Electric cars – Are they a realistic option yet?

I had a long phone conversation this week with an evangelist for electric cars. With fuel gone through the roof, and neither a domestic oil industry nor a domestic car industry to keep happy, Ireland ought to be the perfect location for electric cars.

They do have real potential. I had the opportunity to take one for a one-month trial as part of an ESB research project in Autumn of 2010 and it was an eye-opening experience.

I was excited because in a sense we have all been waiting for the electric car for years. We know it is possible and we read about it, but here was a shiny little Misubishi iMiev all ready for me in my driveway. I loved it, like the big kid that I am.

ESB installed a special meter at my home and an exterior socket on my garage wall which meant it was extremely easy to charge. In total I managed to cover over 900 kms in the month. Most of that was urban driving, pottering around the environs of Dublin city.

The total cost in electricity was just €15.88. This is a mightily impressive figure given that it is based on genuine city usage by a bog-standard real life driver. At 40mpg for an equivalent petrol engine from Mitsubishi, the same distance would cost me €104.76 in today.

Put it another way, I was getting the equivalent of 264 miles per gallon.

Electric cars are almost exactly the opposite of an internal combustion engine. When you’re stuck in traffic a conventionally fuelled car is simply burning cash. In comparison the electric motor is a miser, only using power when you are actually moving.

It takes off from rest at an amazing pace – something I wasn’t expecting. I was astonished the first time I tried it. Put the foot down when the lights turn green and you will leave most petrol engines standing.

It is also eerily silent. It makes almost no noise at all when moving off and I found myself startling pedestrians who caught me out of the corner of their eye but who never heard me coming.

But it has serious range limitations on the open road. I took the Mitsubishi out for a run on the motorway and while an internal combustion engine is at it’s happiest cruising along at 120km/h speeds, I watched the battery indicator in the iMiev wilting before my eyes.

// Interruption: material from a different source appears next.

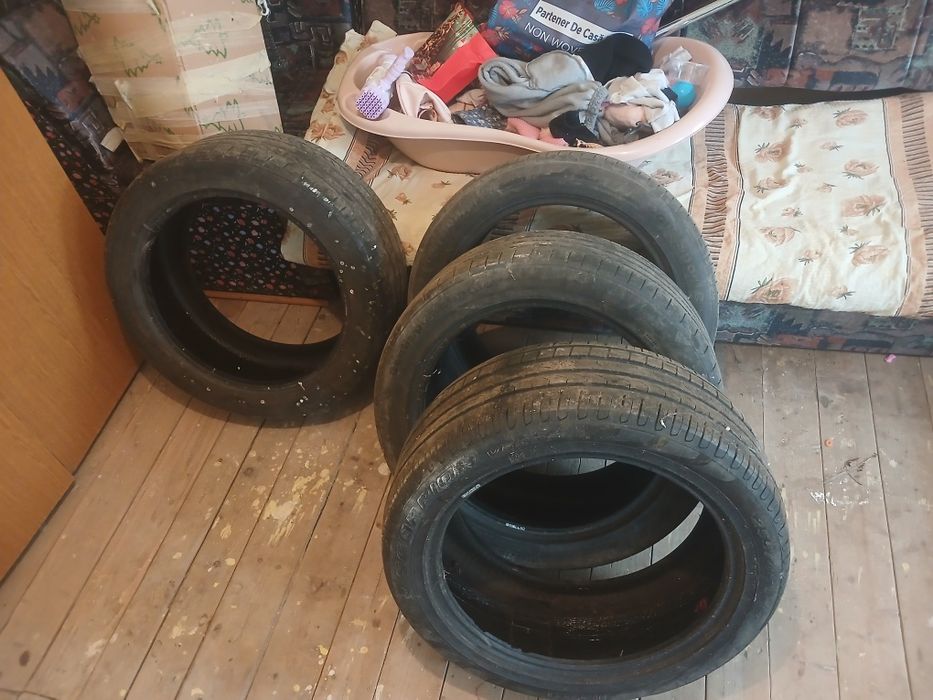 Vand 4 Cauciucuri 255 45 R19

I liked the iMiev and I think electric cars have a serious future. But in its current form it may struggle because of that range limitation. Very hard to sell a car in rural Ireland if it won’t do high mileages. But there are interim technologies that could fill the gap.

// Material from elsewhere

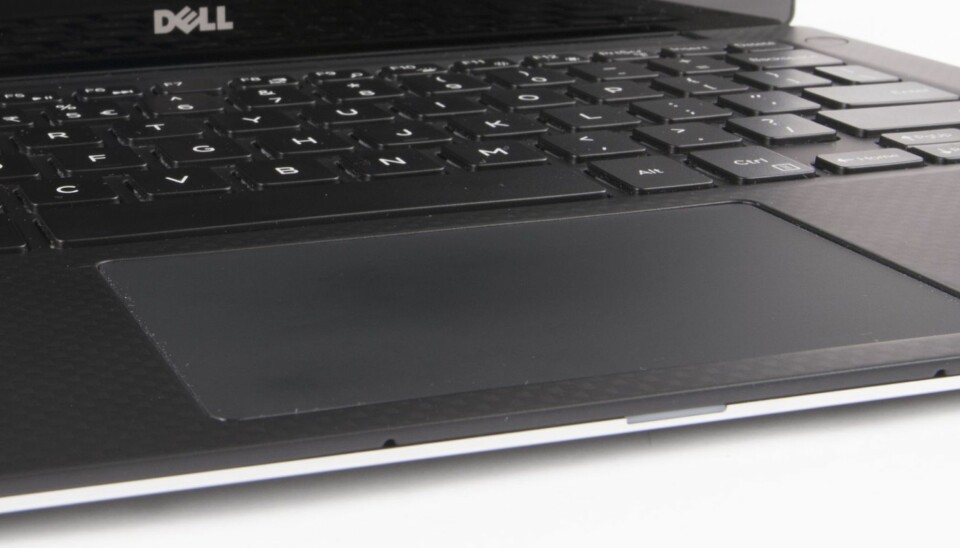 NYE TASTER: Dell XPS 13 (2015) har nye og flatere taster enn forgjengeren.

Toyota have produced a Prius ‘plug-in’ Hybrid that runs partially on a petrol engine. This gives fantastic mileages and runs mostly on electricity but the petrol engine means that you won’t be stuck for want of a charging point.

And to be fair, ESB are doing their bit. They have now installed 350 public charge points and 30 ‘fast charge’ points to serve the Electric car market. The AA has also invested in technology to charge them on the spot and carry out repairs.

It is not much of a market yet. Only 46 electric cars were sold in Ireland last year. But let’s not knock it because it is a youngster. You have to start somewhere.

You may remember the first time you were shown a mobile phone twenty years or so ago. The enormous gadget was twice the size of your pint and didn’t last as long. We got from there to the iPhone in about 15 years.

If we see anything like that rate of progression for electric cars then I do not think it at all fanciful that they might become very common on our roads. If the price of normal fuel keeps going the way it is then this may happen sooner than people think.